**WHAT YOU ARE ASKED TO DO**
Both ends included, restate word for word the lines from the first line of the listing through the line containing "A 19TH CENTURY ISLAMIC DAGGER - 25.5cm". Leave the pictures out.

**THE DATA**
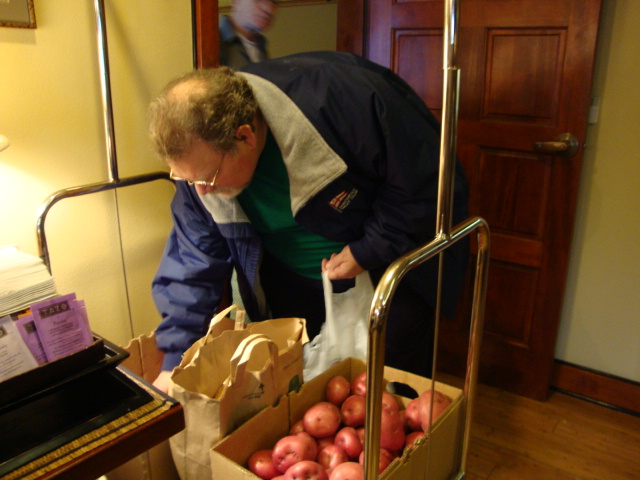Warren looks over those
beautiful red potatoes that
Roger brought to share with
us. Thanks, Roger!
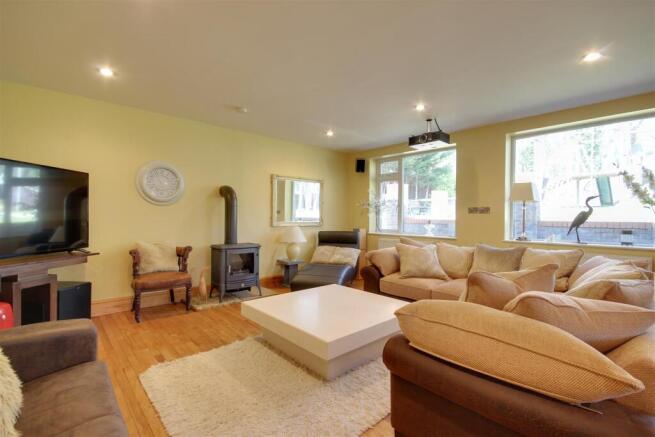 6 bed Detached for sale Image 8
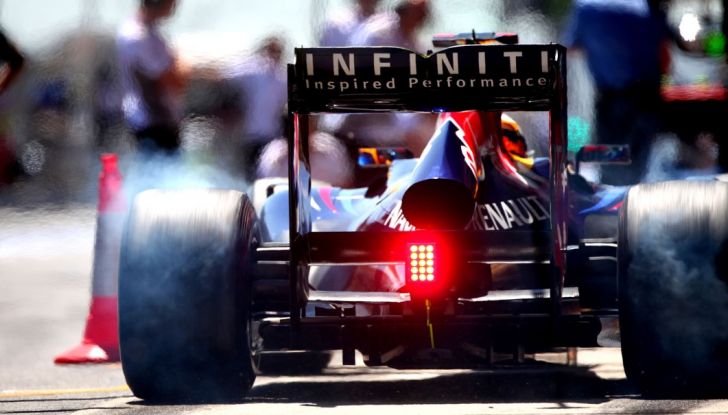 Infiniti offre un lavoro da sogno nel Team Renault Sport di Formula Uno - Foto 3 di 9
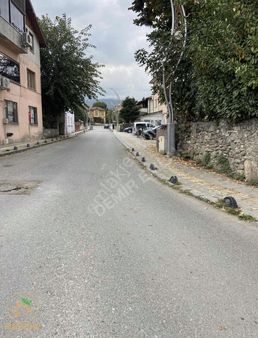 Sapanca Simgelerinden 697 M3 Arsa İçinde Tarihi Eser Ev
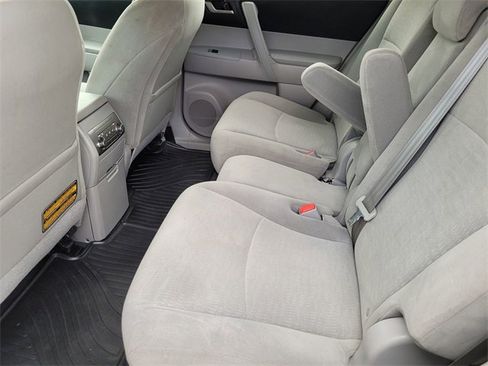 Used 2013 Toyota Highlander Plus image 7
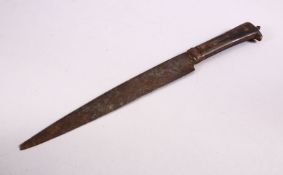 A 19TH CENTURY ISLAMIC DAGGER - 25.5cm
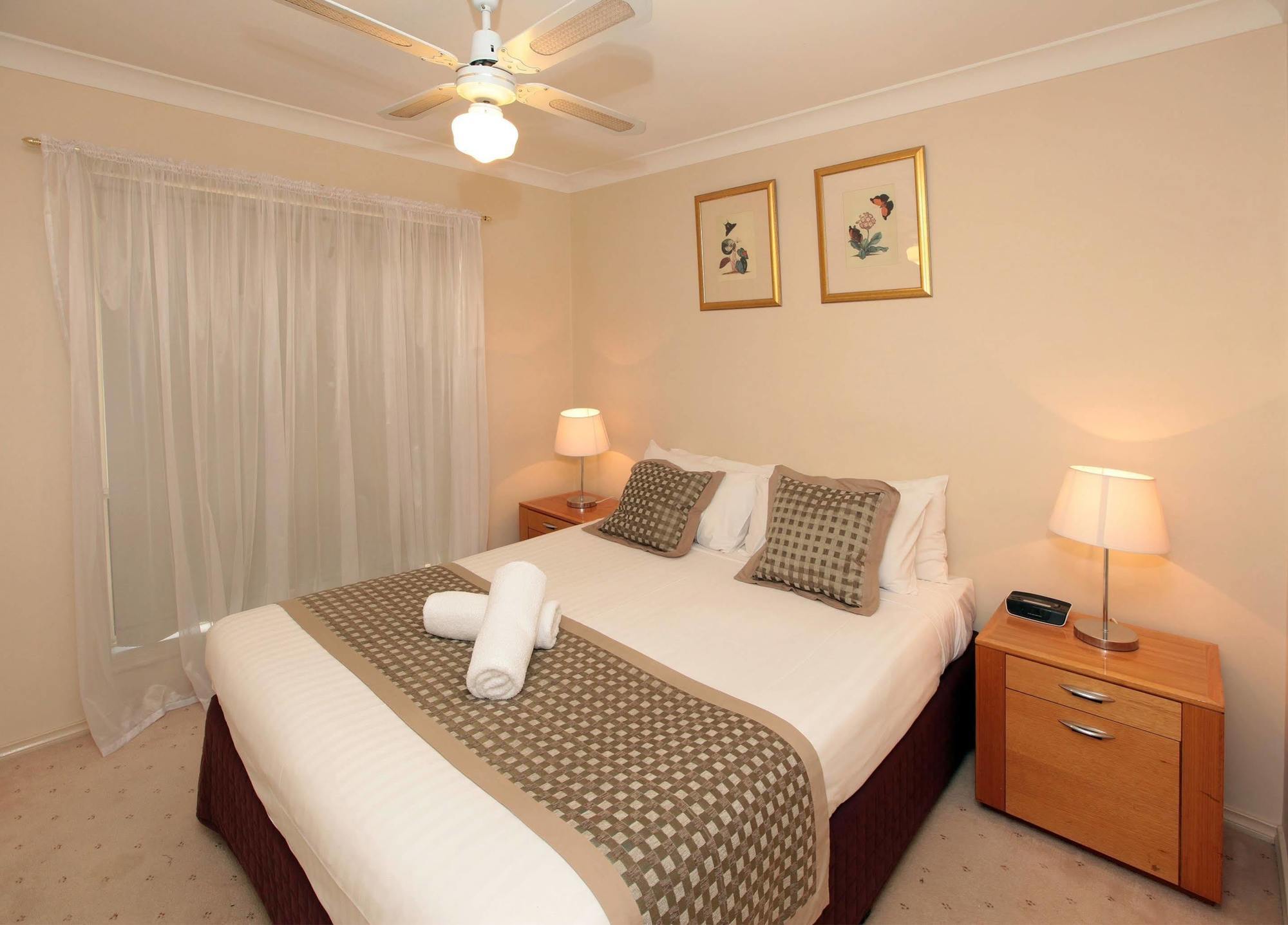 Best Western Ambassador Motor Inn & Apartments Wagga Wagga Exterior photo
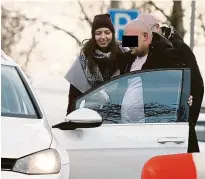  ?? Foto: MAFRA ?? Pavel z Mostu chtěl domnělým zákazníkům předat léky osobně na parkovišti.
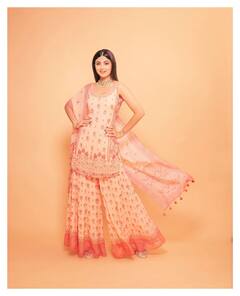 Pantsuits हो या शरारा सूट, Shilpa Shetty की हर अदा में है जादू, तस्वीरों से ही जीत लेती हैं लाखों दिल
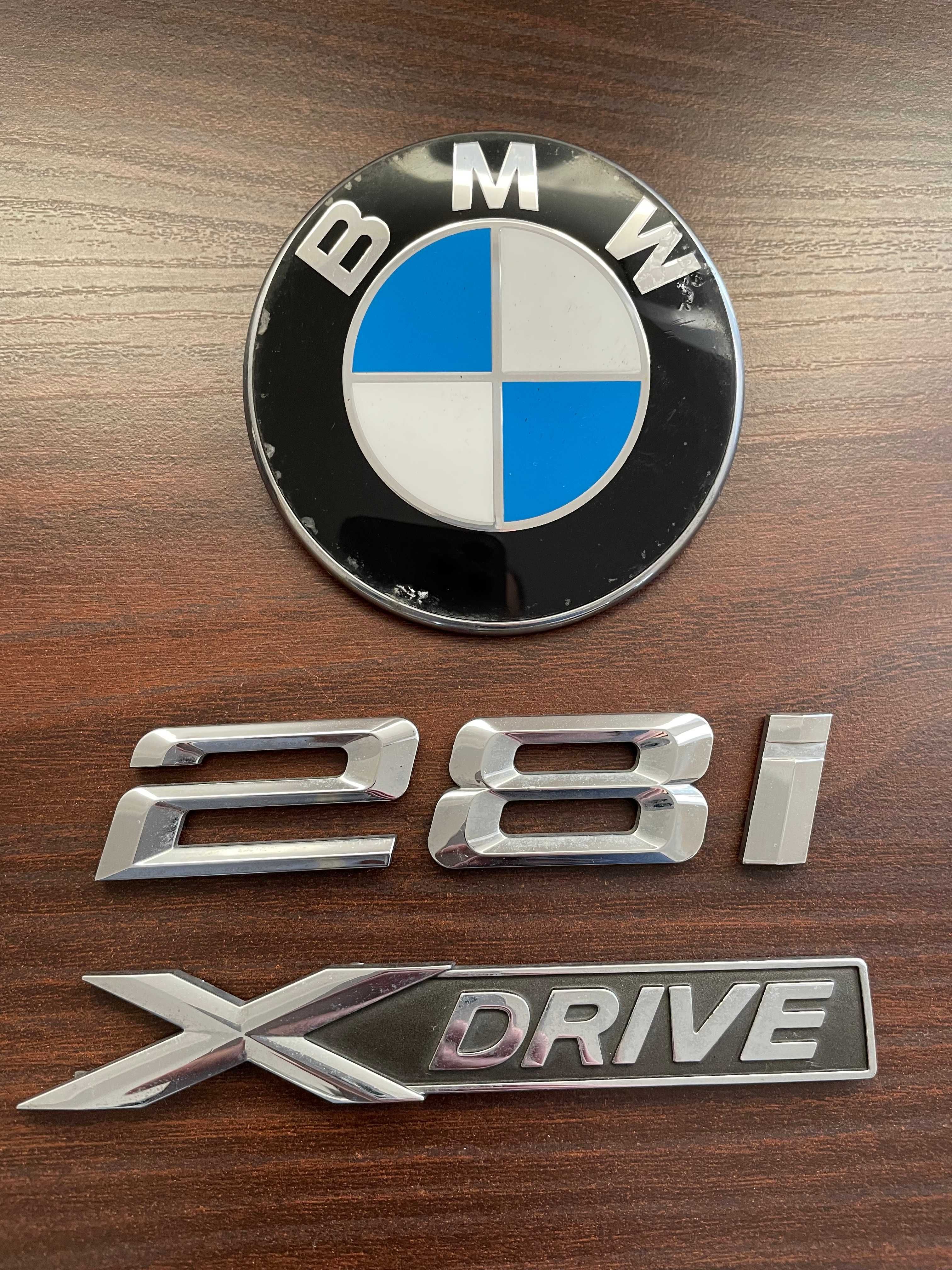 Logo, znaczek, emblemat BMW 28i xdrive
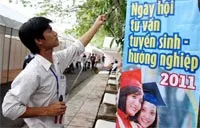 Ngày đầu tiên nộp hồ sơ đăng ký dự thi : “Chạy nước rút” tư vấn hướng nghiệp
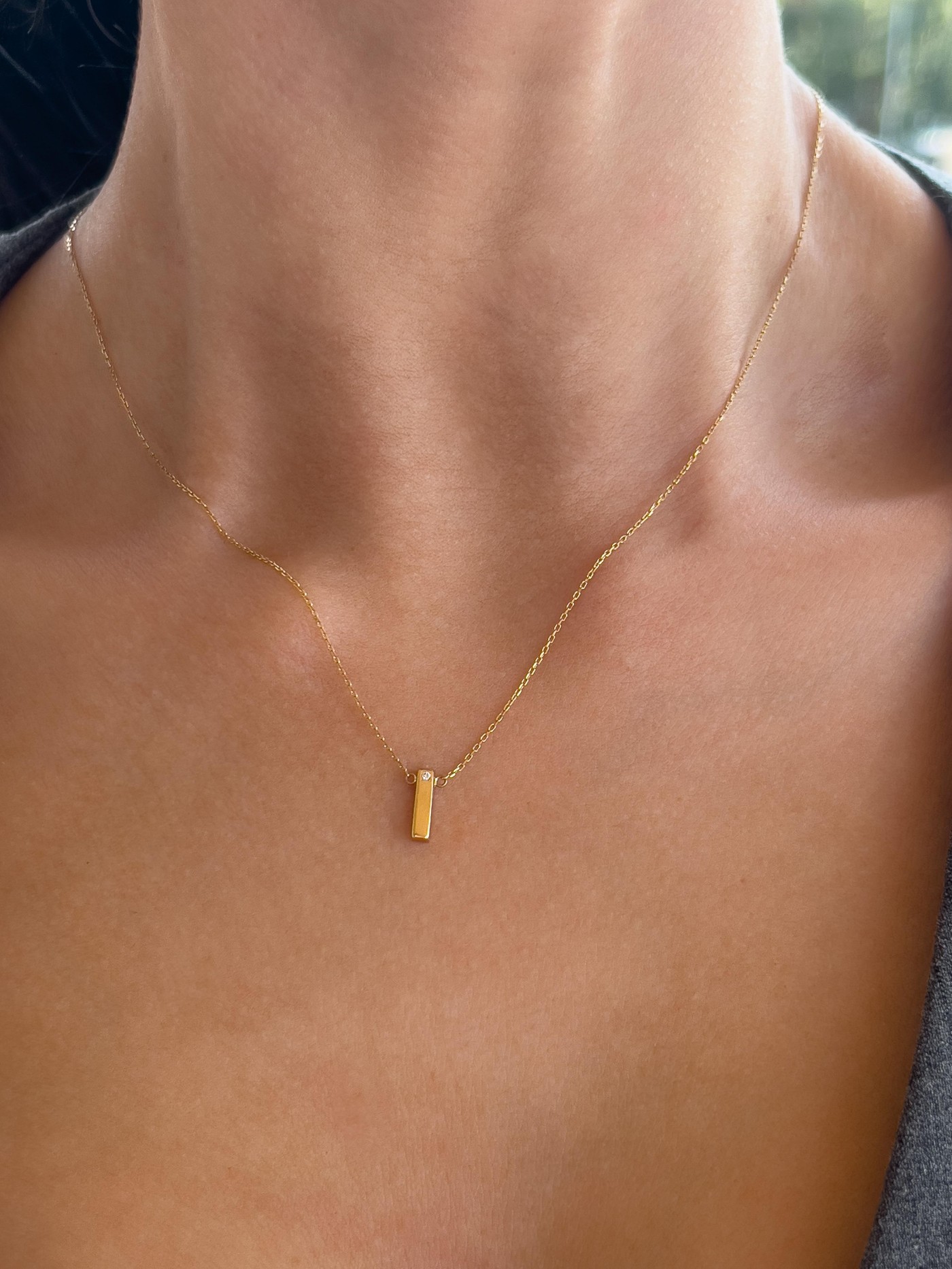 Ogrlica slovo sa brlijantom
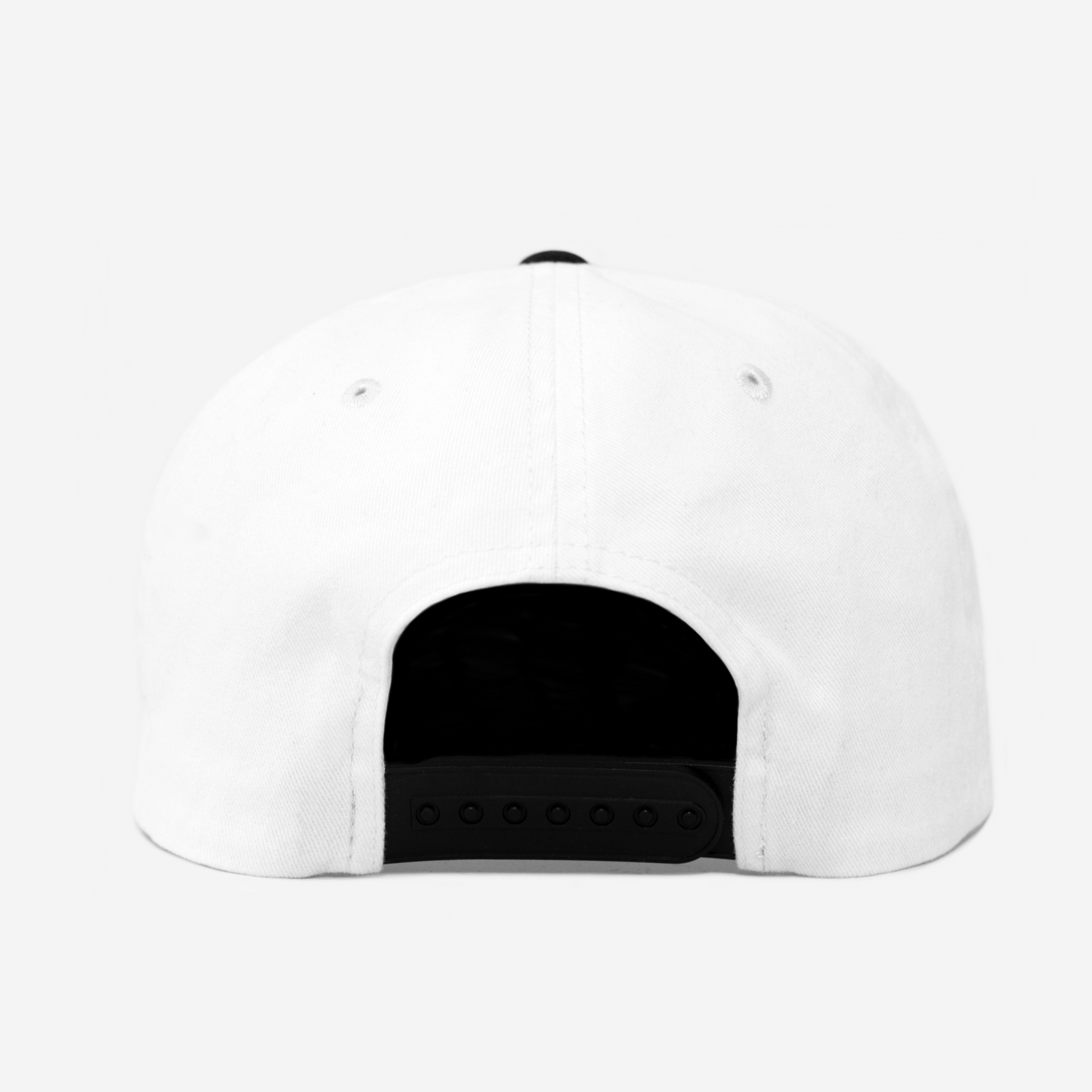 OMA STUDIO “ YANKESS LOGO CREAM” (AJUSTABLE)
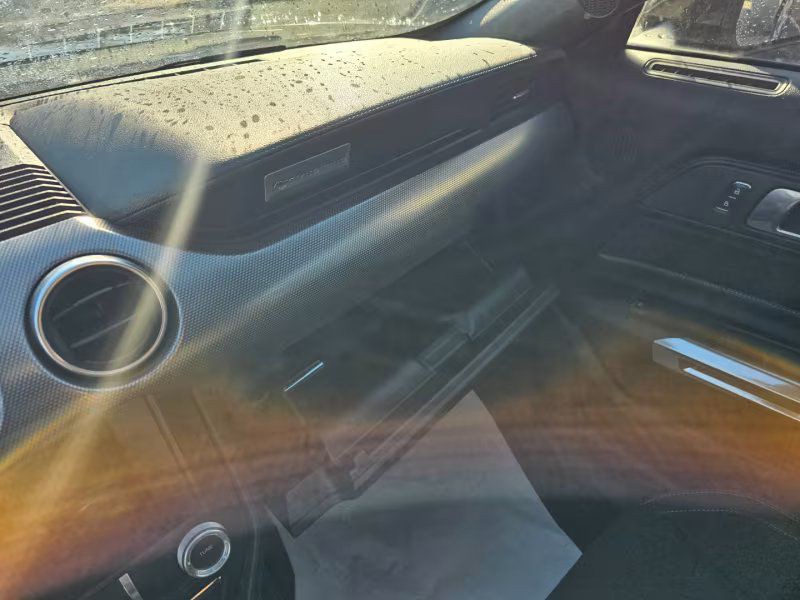 2018 Ford Mustang Image 17
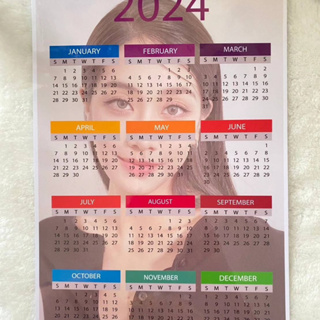 ปฏิทินปี 2024 ขนาด A4 ส่งรูปมาทำได้  สินค้าเคลือบแข็ง ภาพชัด เจมีไนน์โฟร์ท 4eve proxie หรือรูปเพื่อนเพื่อทำเป็นของขวัญ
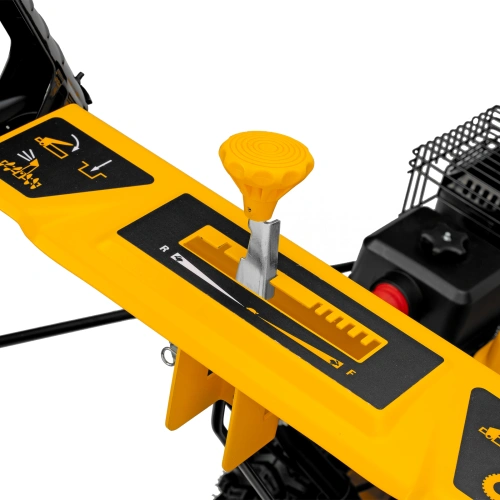 Бензиновая снегоуборочная машина SB 560 LP, 212 cc, электростартер, фара Denzel по ценам производителя в Екатеринбурге с доставкой по всей России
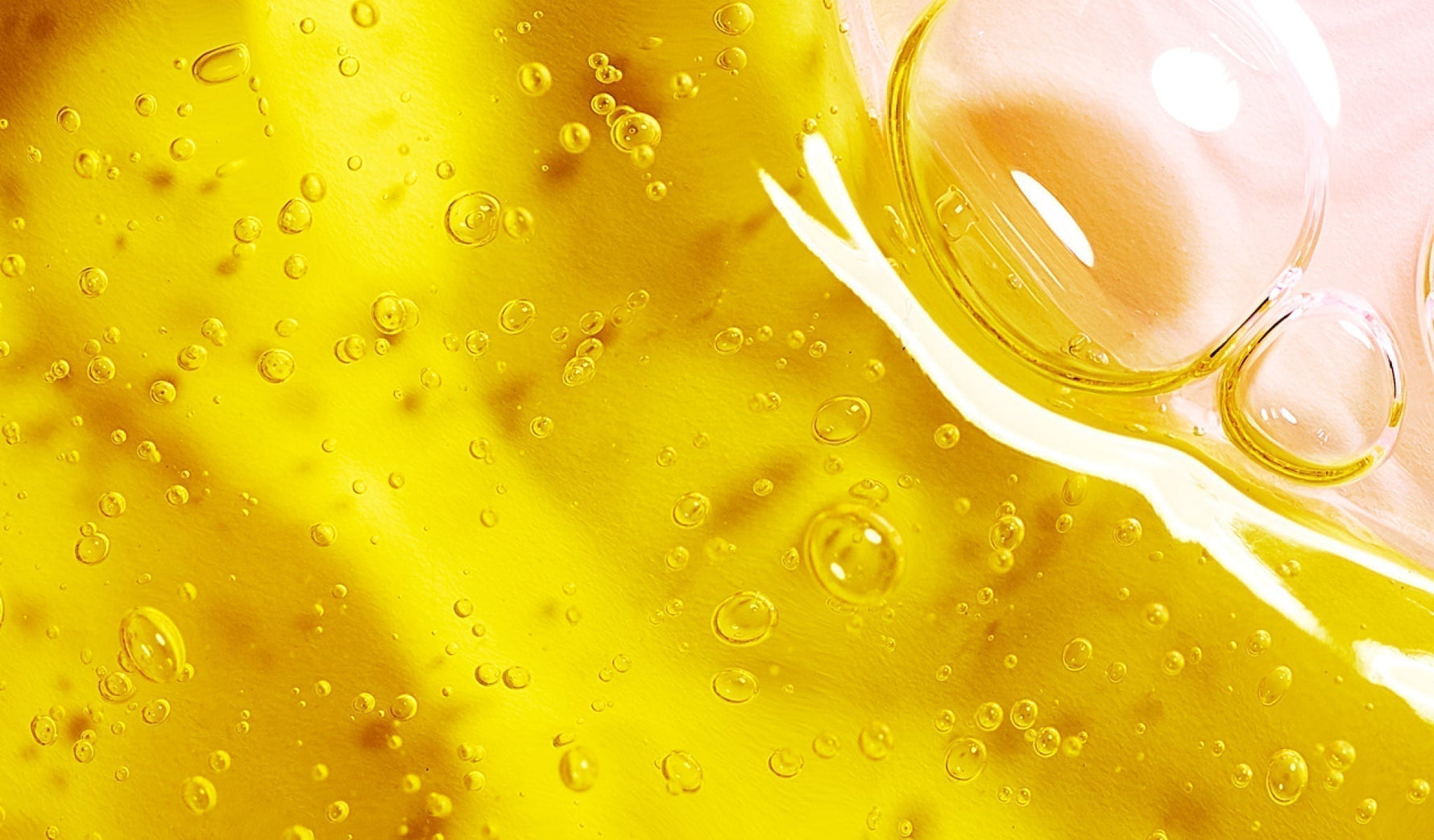 Retinol vs. Retinal: What's the Difference in Skincare?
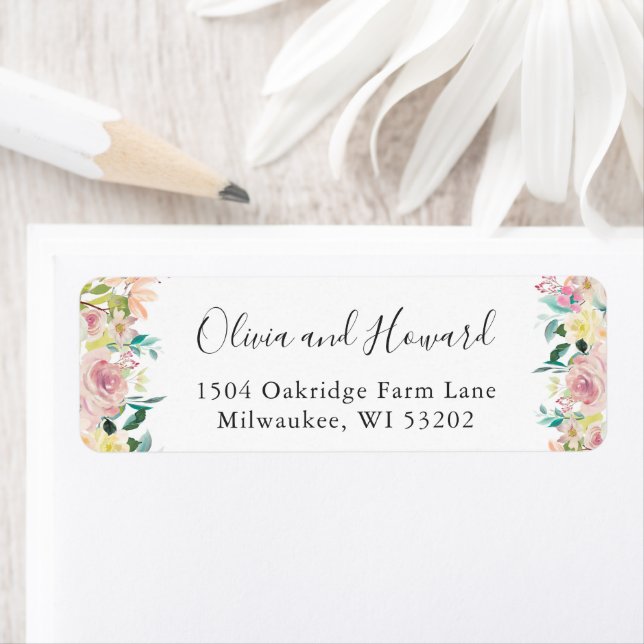 Étiquette Pastel Bloom Chic Spring Floral Adresse de retour (En situation)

**OUTPUT OF THE TASK**
Warren looks over those
beautiful red potatoes that
Roger brought to share with
us. Thanks, Roger!
 6 bed Detached for sale Image 8
 Infiniti offre un lavoro da sogno nel Team Renault Sport di Formula Uno - Foto 3 di 9
 Sapanca Simgelerinden 697 M3 Arsa İçinde Tarihi Eser Ev
 Used 2013 Toyota Highlander Plus image 7
 A 19TH CENTURY ISLAMIC DAGGER - 25.5cm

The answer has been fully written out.